» **What is needed**: Pictures appear in the records below; write out everything else exactly.

-=-=-

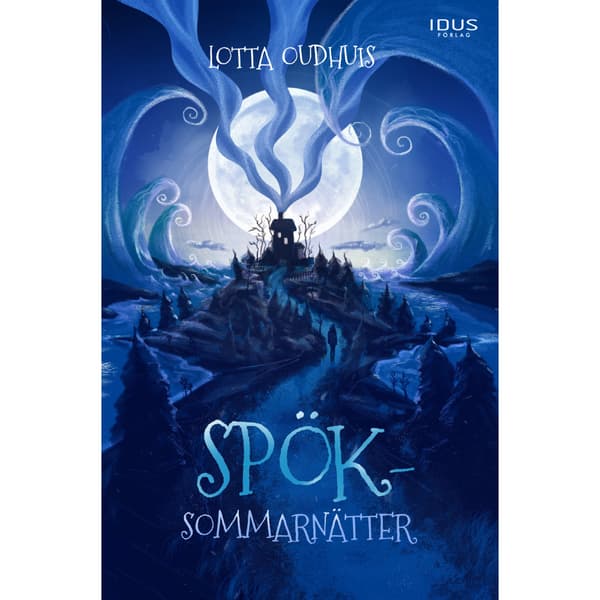 Spöksommarnätter (inbunden)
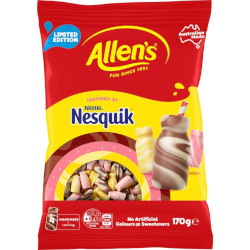 Allens Nesquik Shake  (170g)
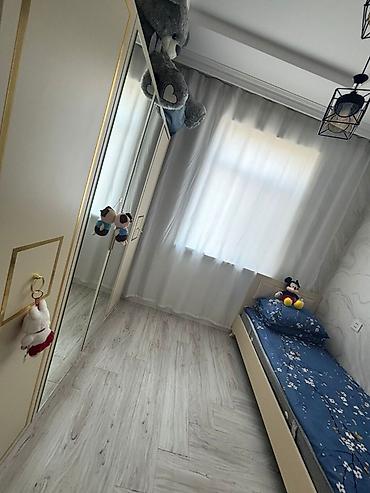 1 otagli ev: 1 otaqlı mənzil – studiya tipli zal+mətbəx və ayrıca yataq otağı — 5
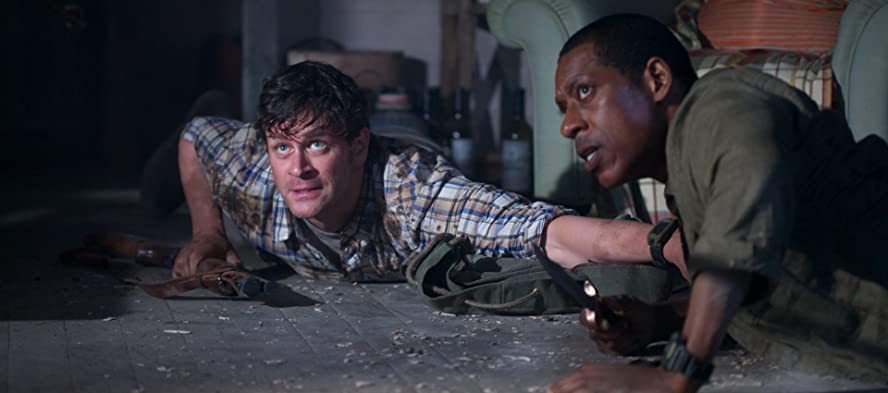 マキシマム・ソルジャーの画像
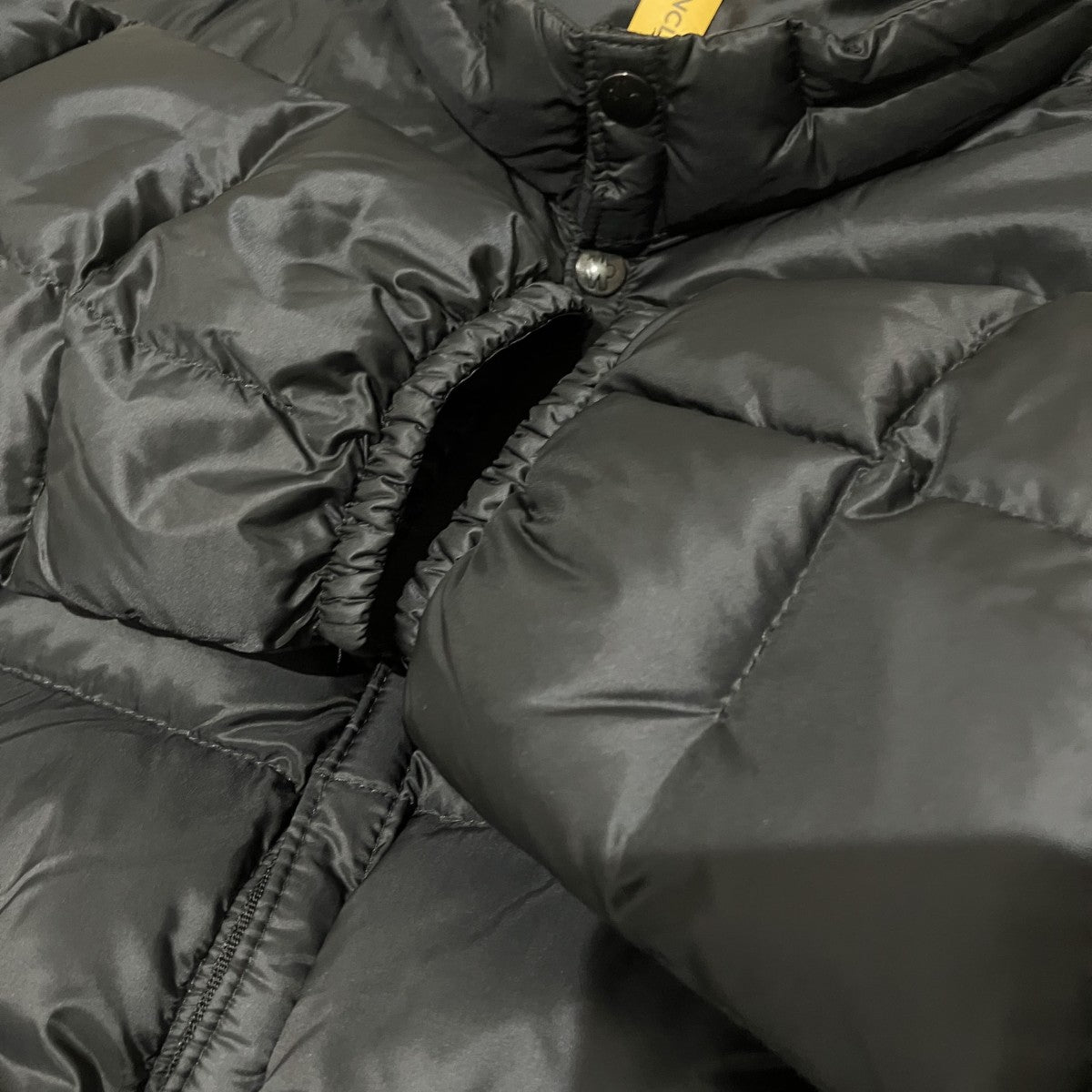 MONCLER×FRAGMENT ダウンジャケットE109U4134650 HOTZZ 古着・中古-5枚目のアイテム画像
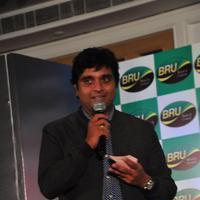 Karthi Launches The New Pack of BRU Roast and Ground | Picture 1421471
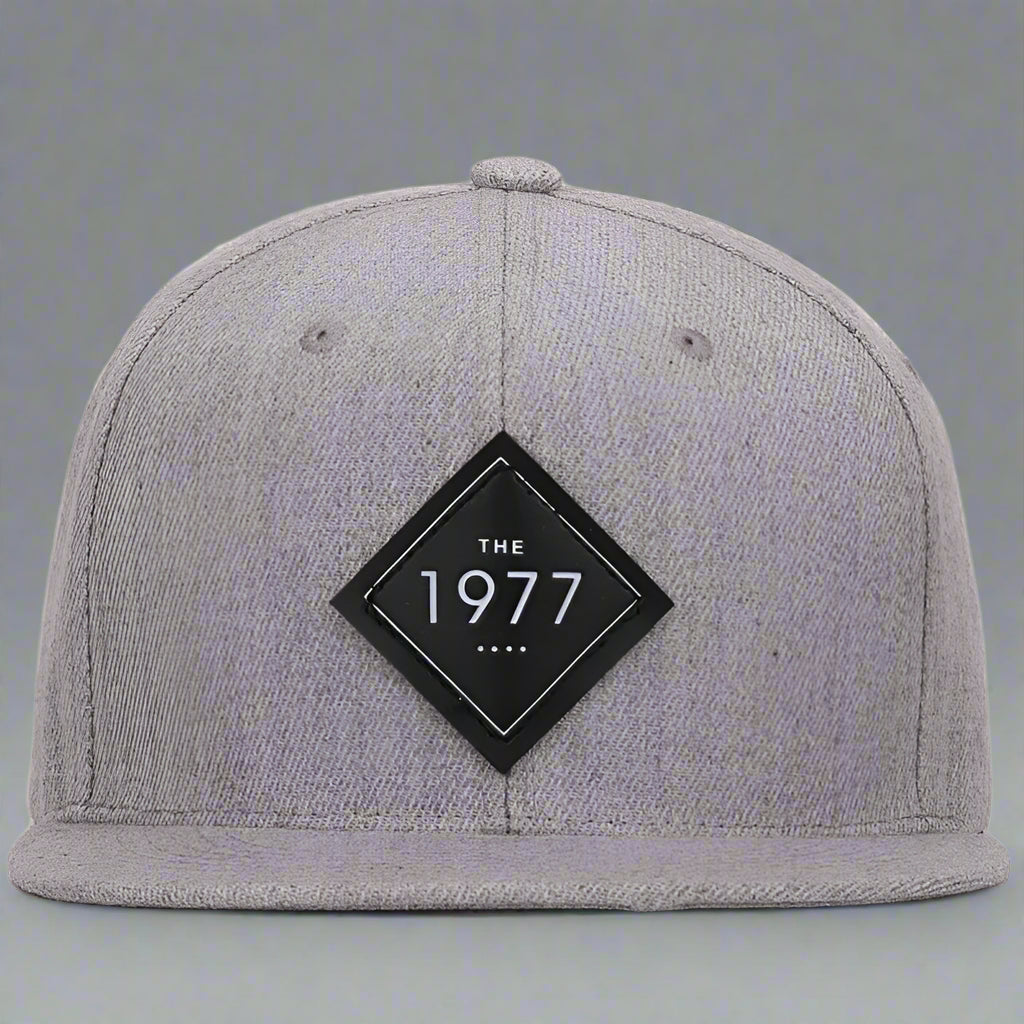 Vintage 1977 Snapback Cap FitiqueFit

-=-=-

» **Result of the exercise**:
 Spöksommarnätter (inbunden)
 Allens Nesquik Shake  (170g)
 1 otagli ev: 1 otaqlı mənzil – studiya tipli zal+mətbəx və ayrıca yataq otağı — 5
 マキシマム・ソルジャーの画像
 MONCLER×FRAGMENT ダウンジャケットE109U4134650 HOTZZ 古着・中古-5枚目のアイテム画像
 Karthi Launches The New Pack of BRU Roast and Ground | Picture 1421471
 Vintage 1977 Snapback Cap FitiqueFit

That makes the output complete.